■ How to complete this task ■
Once "10 Garden Heights Avenue, Glenview" turns up in a line below, reproduce that line and those after it exactly, stopping after the line with "Стол сотилади срочно"; leave pictures out.

[Records excerpted from a collection]

● ● ● ● ●

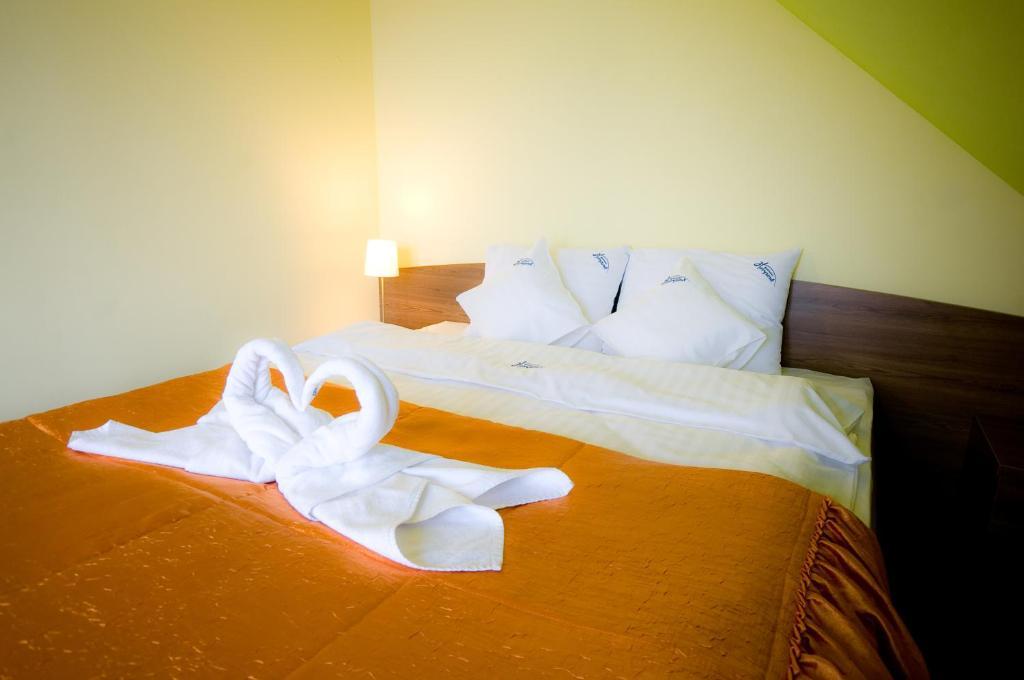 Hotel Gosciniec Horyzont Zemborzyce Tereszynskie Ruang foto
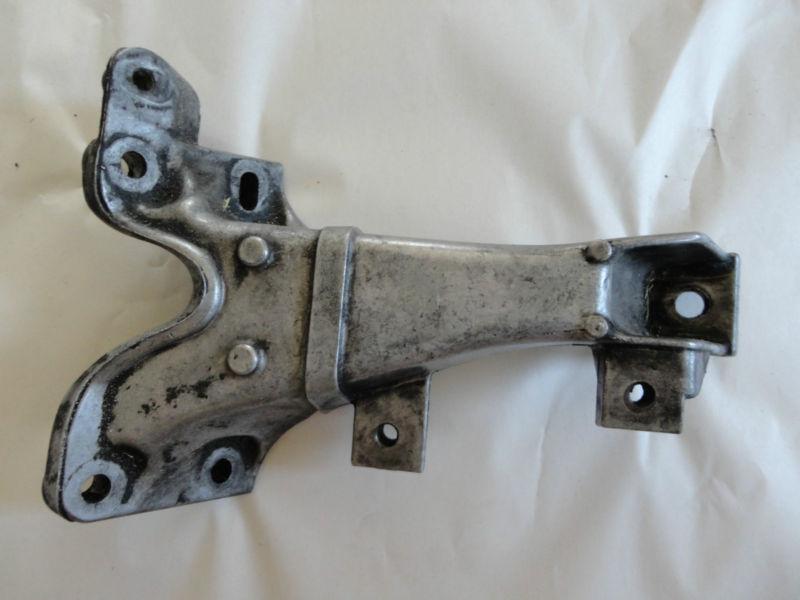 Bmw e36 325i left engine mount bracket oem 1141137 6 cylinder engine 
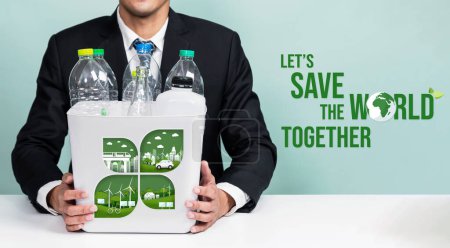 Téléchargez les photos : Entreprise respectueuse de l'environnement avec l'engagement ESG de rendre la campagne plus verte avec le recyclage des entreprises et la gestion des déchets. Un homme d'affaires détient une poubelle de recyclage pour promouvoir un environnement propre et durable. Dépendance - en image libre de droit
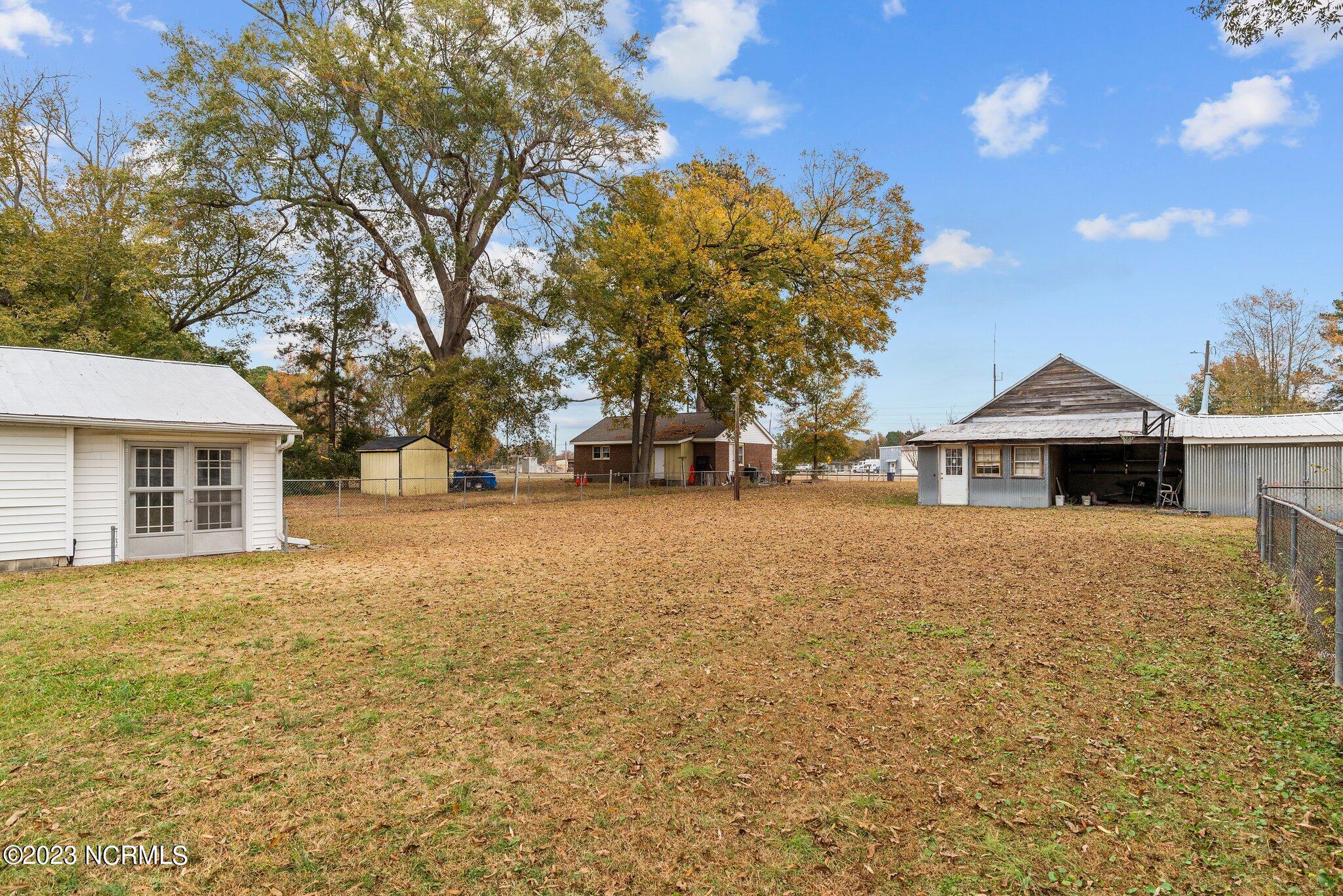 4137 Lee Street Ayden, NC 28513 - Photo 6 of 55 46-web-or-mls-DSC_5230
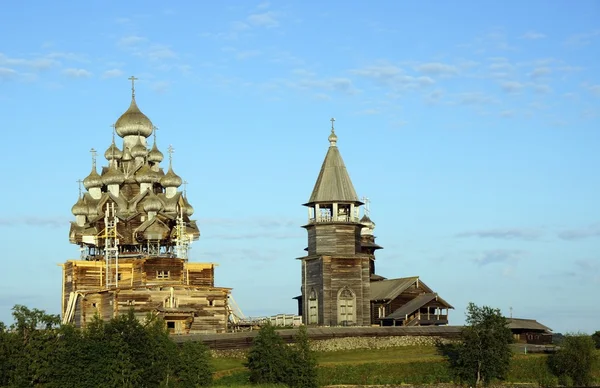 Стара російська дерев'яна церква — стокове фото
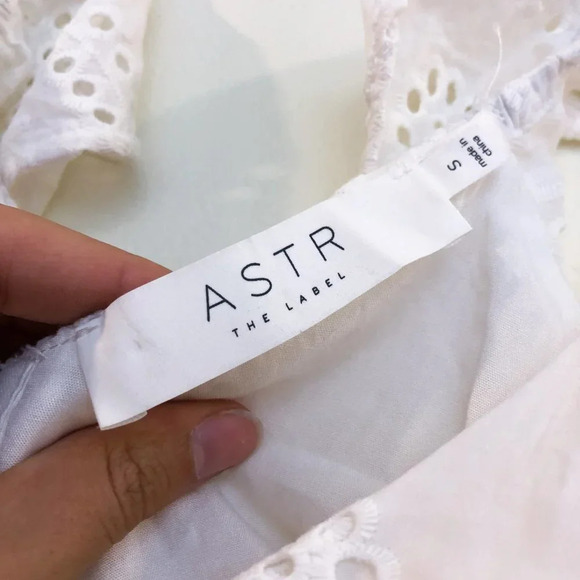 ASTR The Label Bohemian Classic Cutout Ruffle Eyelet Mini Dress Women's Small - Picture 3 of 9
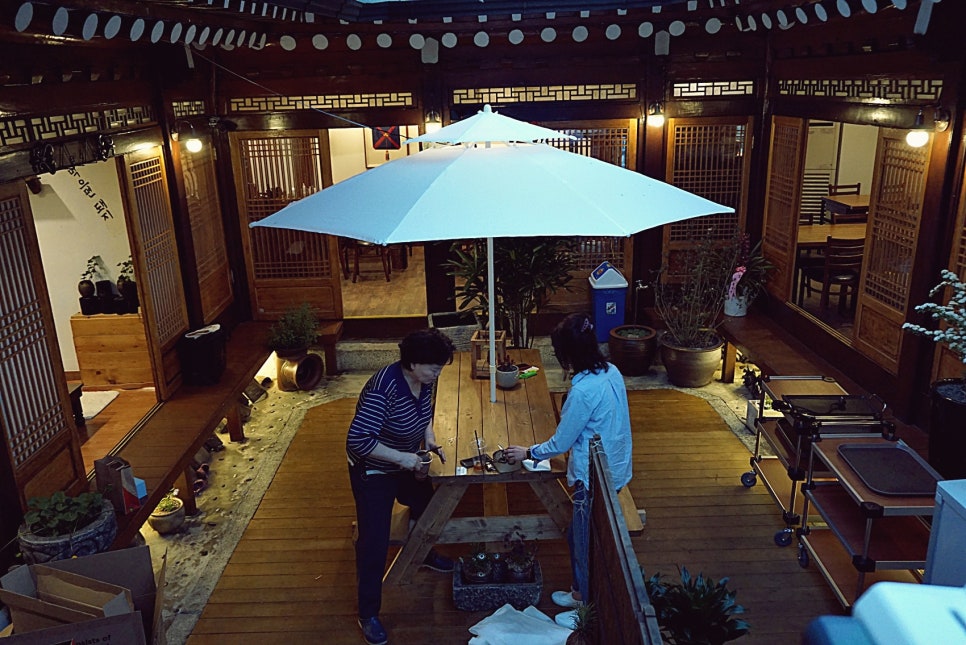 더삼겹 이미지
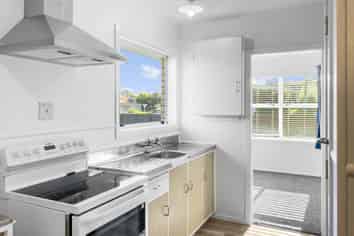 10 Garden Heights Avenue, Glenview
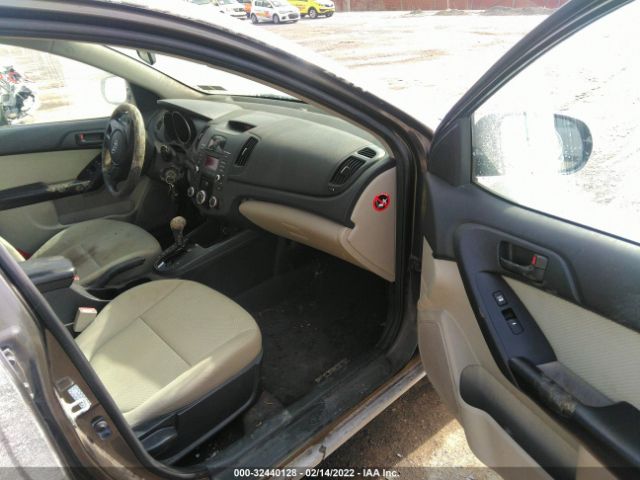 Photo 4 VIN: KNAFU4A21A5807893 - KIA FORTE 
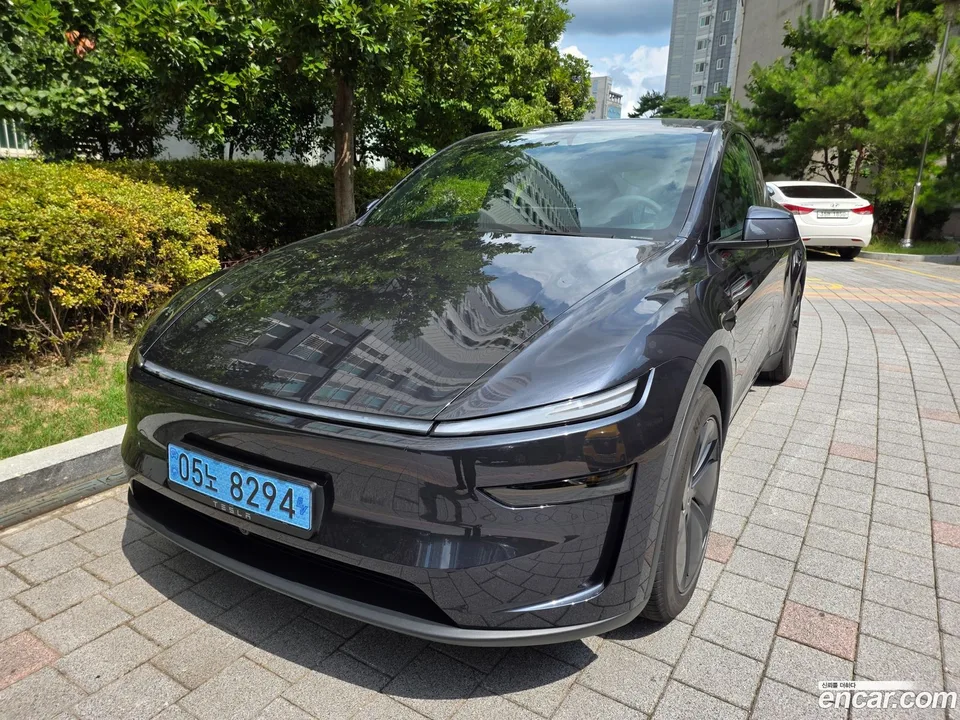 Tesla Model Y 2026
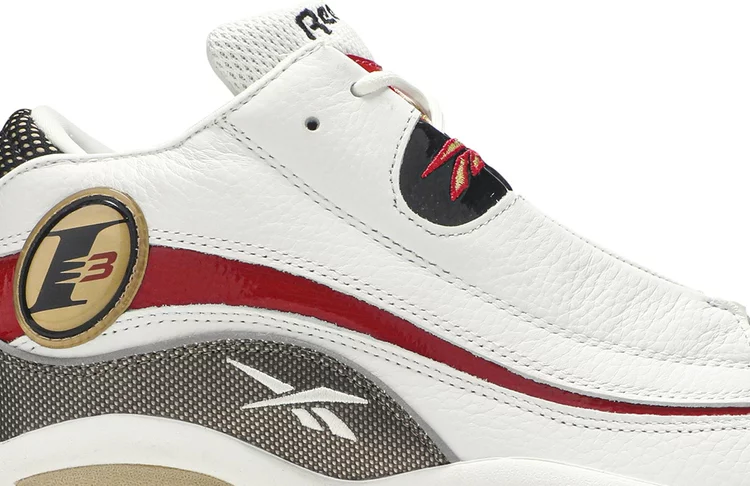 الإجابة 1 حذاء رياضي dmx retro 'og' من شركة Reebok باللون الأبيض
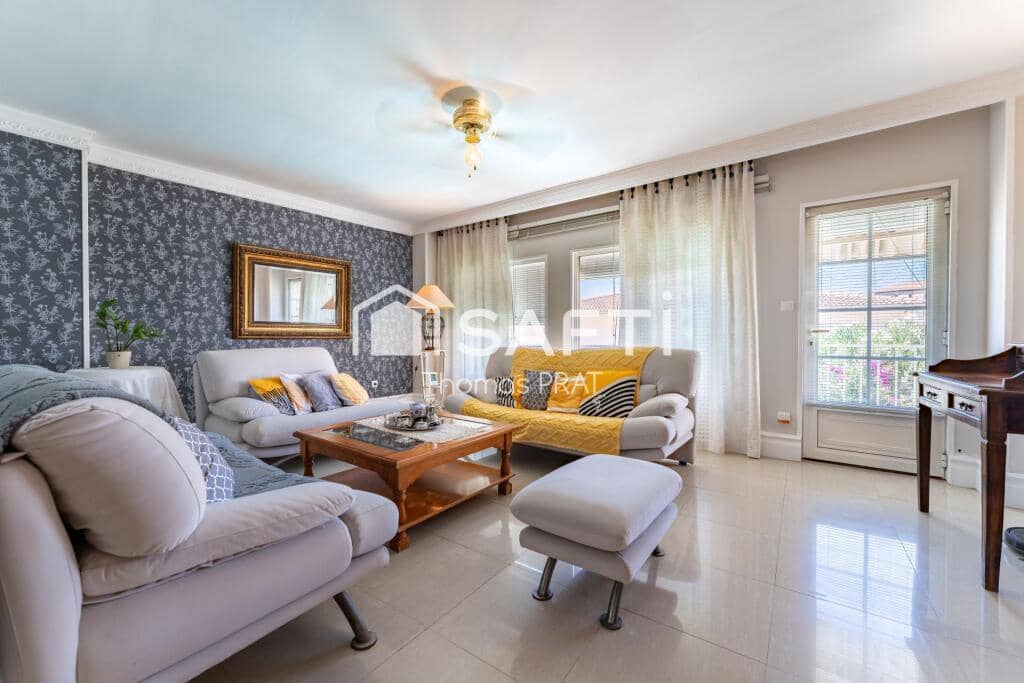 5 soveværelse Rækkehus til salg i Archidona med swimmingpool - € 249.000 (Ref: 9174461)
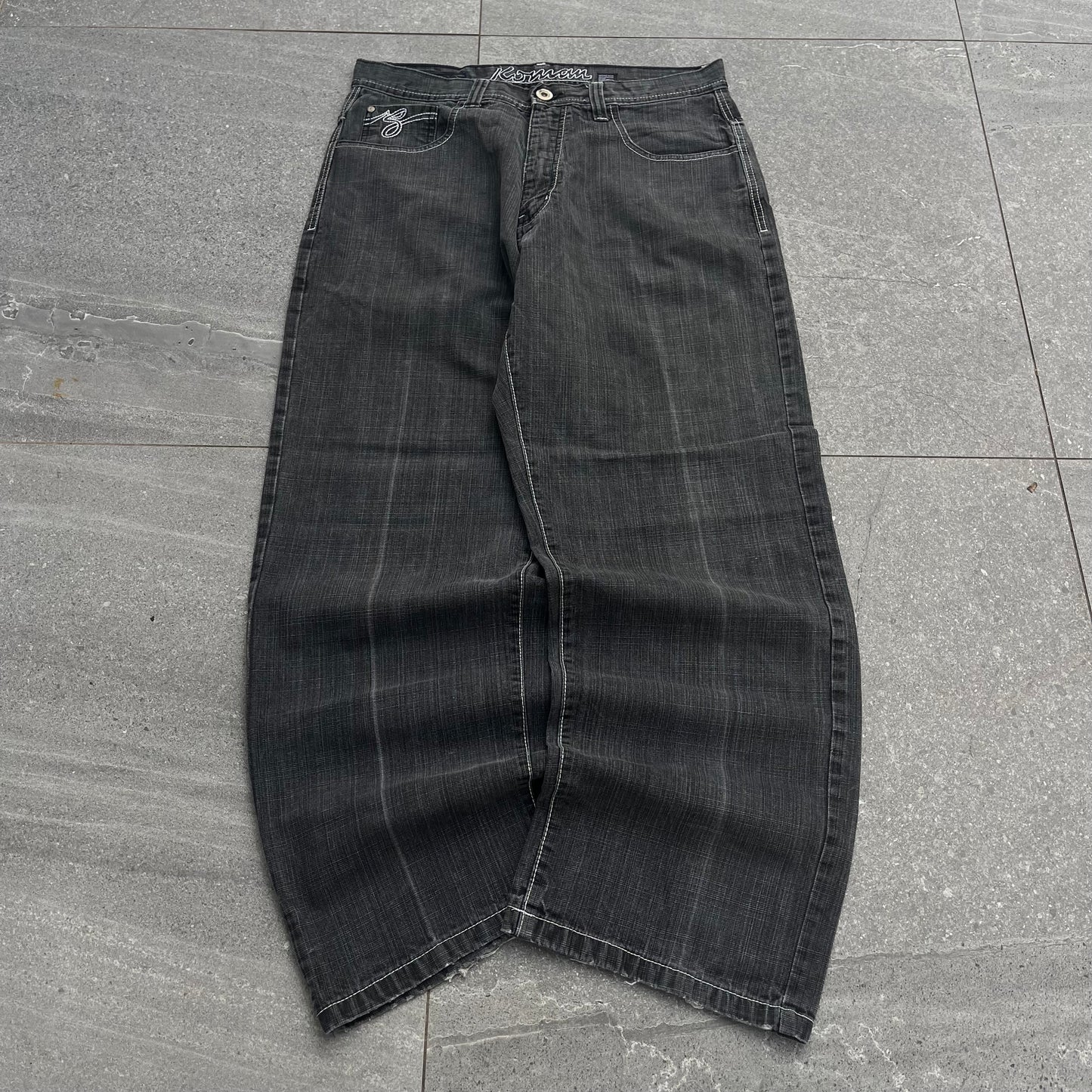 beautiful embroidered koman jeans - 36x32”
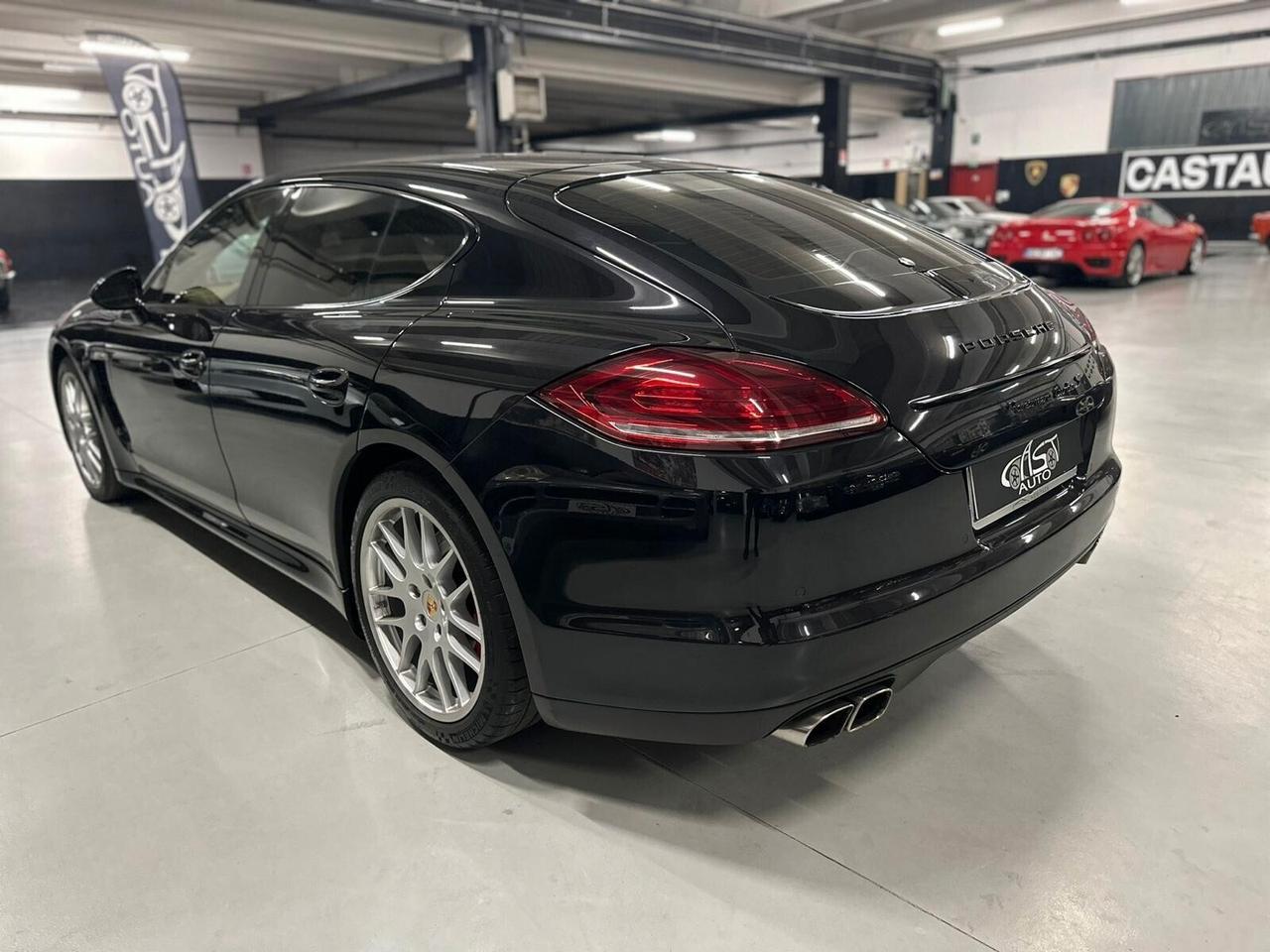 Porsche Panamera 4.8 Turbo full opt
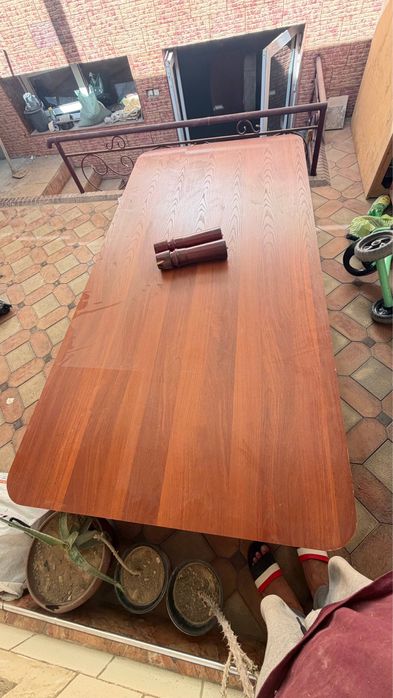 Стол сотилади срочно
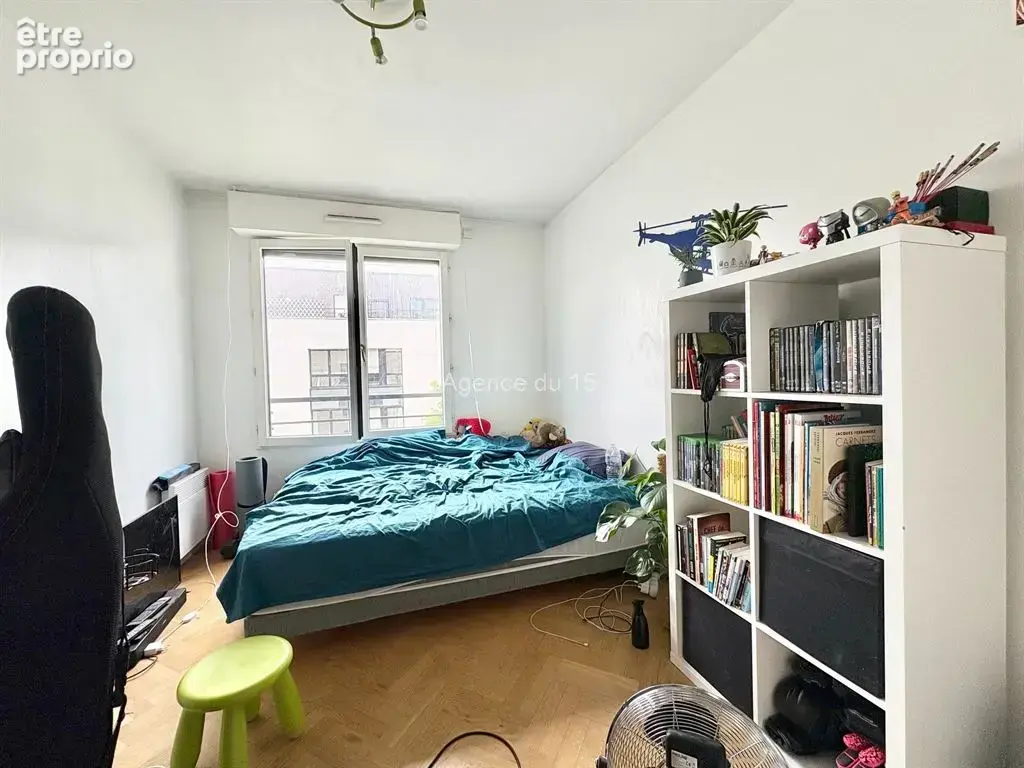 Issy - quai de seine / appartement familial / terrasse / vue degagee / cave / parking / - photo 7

● ● ● ● ●

■ Response box ■
 10 Garden Heights Avenue, Glenview
 Photo 4 VIN: KNAFU4A21A5807893 - KIA FORTE 
 Tesla Model Y 2026
 الإجابة 1 حذاء رياضي dmx retro 'og' من شركة Reebok باللون الأبيض
 5 soveværelse Rækkehus til salg i Archidona med swimmingpool - € 249.000 (Ref: 9174461)
 beautiful embroidered koman jeans - 36x32”
 Porsche Panamera 4.8 Turbo full opt
 Стол сотилади срочно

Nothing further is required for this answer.